We have also included our legacy benchmarks in this section, representing a stack of older code for popular benchmarks.

All of our benchmark results can also be found in our benchmark engine, Bench.

WebXPRT 3: Modern Real-World Web Tasks, including AI

The company behind the XPRT test suites, Principled Technologies, has recently released the latest web-test, and rather than attach a year to the name have just called it ‘3’. This latest test (as we started the suite) has built upon and developed the ethos of previous tests: user interaction, office compute, graph generation, list sorting, HTML5, image manipulation, and even goes as far as some AI testing.

For our benchmark, we run the standard test which goes through the benchmark list seven times and provides a final result. We run this standard test four times, and take an average.

Users can access the WebXPRT test at http://principledtechnologies.com/benchmarkxprt/webxprt/

WebXPRT 3 (2018)

WebXPRT 2015: HTML5 and Javascript Web UX Testing

The older version of WebXPRT is the 2015 edition, which focuses on a slightly different set of web technologies and frameworks that are in use today. This is still a relevant test, especially for users interacting with not-the-latest web applications in the market, of which there are a lot. Web framework development is often very quick but with high turnover, meaning that frameworks are quickly developed, built-upon, used, and then developers move on to the next, and adjusting an application to a new framework is a difficult arduous task, especially with rapid development cycles. This leaves a lot of applications as ‘fixed-in-time’, and relevant to user experience for many years.

Similar to WebXPRT3, the main benchmark is a sectional run repeated seven times, with a final score. We repeat the whole thing four times, and average those final scores.

WebXPRT15

Speedometer 2: JavaScript Frameworks

Our newest web test is Speedometer 2, which is a accrued test over a series of javascript frameworks to do three simple things: built a list, enable each item in the list, and remove the list. All the frameworks implement the same visual cues, but obviously apply them from different coding angles.

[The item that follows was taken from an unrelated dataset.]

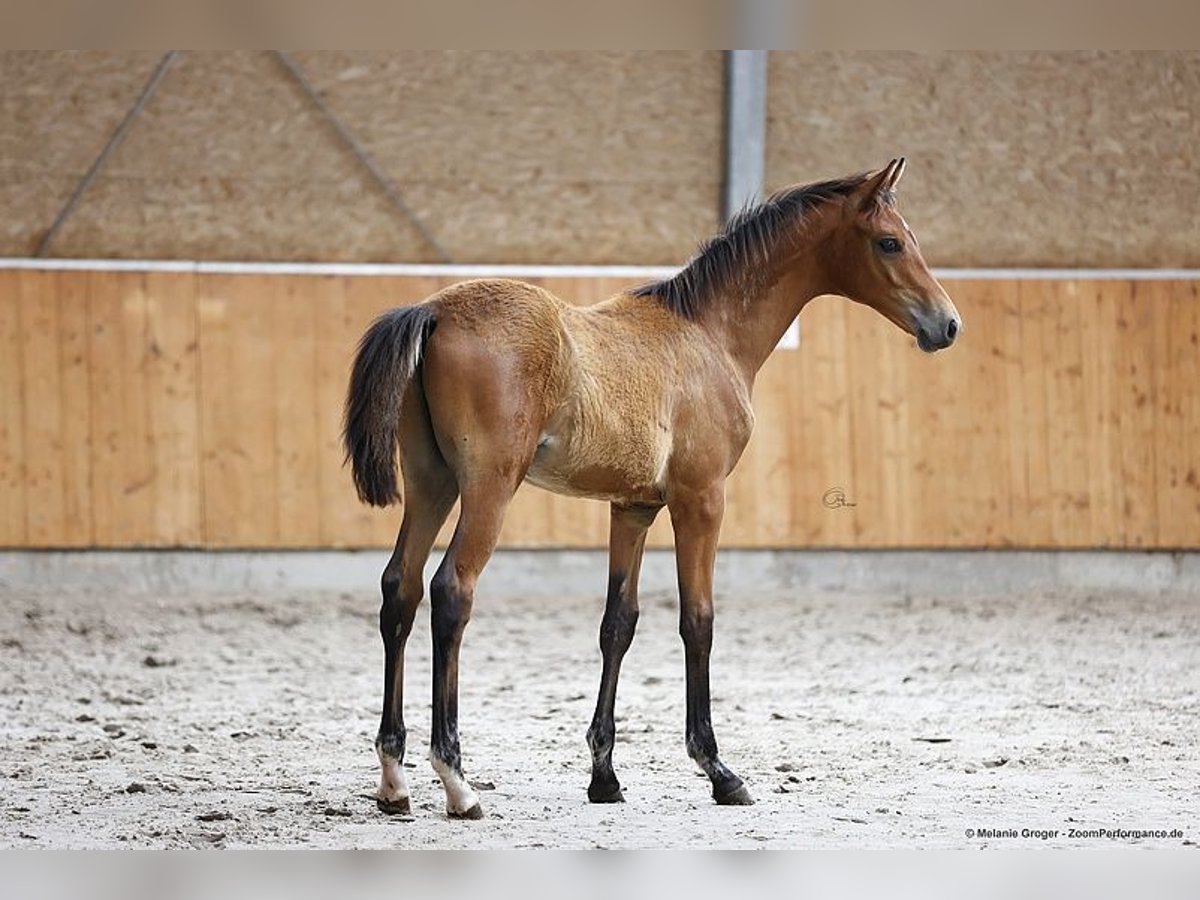 Oldenburg Stallion 1 year Brown in Bad Oldesloe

Our test goes through the list of frameworks, and produces a final score indicative of ‘rpm’, one of the benchmarks internal metrics. We report this final score.

Speedometer 2

Google Octane 2.0: Core Web Compute

A popular web test for several years, but now no longer being updated, is Octane, developed by Google. Version 2.0 of the test performs the best part of two-dozen compute related tasks, such as regular expressions, cryptography, ray tracing, emulation, and Navier-Stokes physics calculations.

The test gives each sub-test a score and produces a geometric mean of the set as a final result. We run the full benchmark four times, and average the final results.

Google Octane 2.0

Mozilla Kraken 1.1: Core Web Compute

Even older than Octane is Kraken, this time developed by Mozilla. This is an older test that does similar computational mechanics, such as audio processing or image filtering. Kraken seems to produce a highly variable result depending on the browser version, as it is a test that is keenly optimized for.

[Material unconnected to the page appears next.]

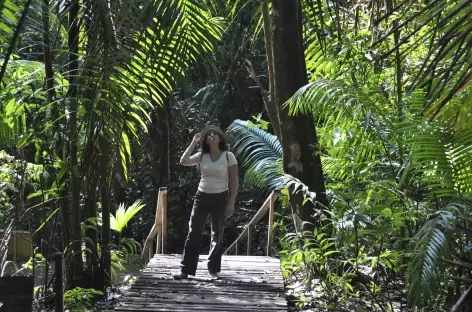 Balade sur les sentiers aménagés du parc national de Soberania - Panama -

The main benchmark runs through each of the sub-tests ten times and produces an average time to completion for each loop, given in milliseconds. We run the full benchmark four times and take an average of the time taken.

Mozilla Kraken 1.1

3DPM v1: Naïve Code Variant of 3DPM v2.1

The first legacy test in the suite is the first version of our 3DPM benchmark. This is the ultimate naïve version of the code, as if it was written by scientist with no knowledge of how computer hardware, compilers, or optimization works (which in fact, it was at the start). This represents a large body of scientific simulation out in the wild, where getting the answer is more important than it being fast (getting a result in 4 days is acceptable if it’s correct, rather than sending someone away for a year to learn to code and getting the result in 5 minutes).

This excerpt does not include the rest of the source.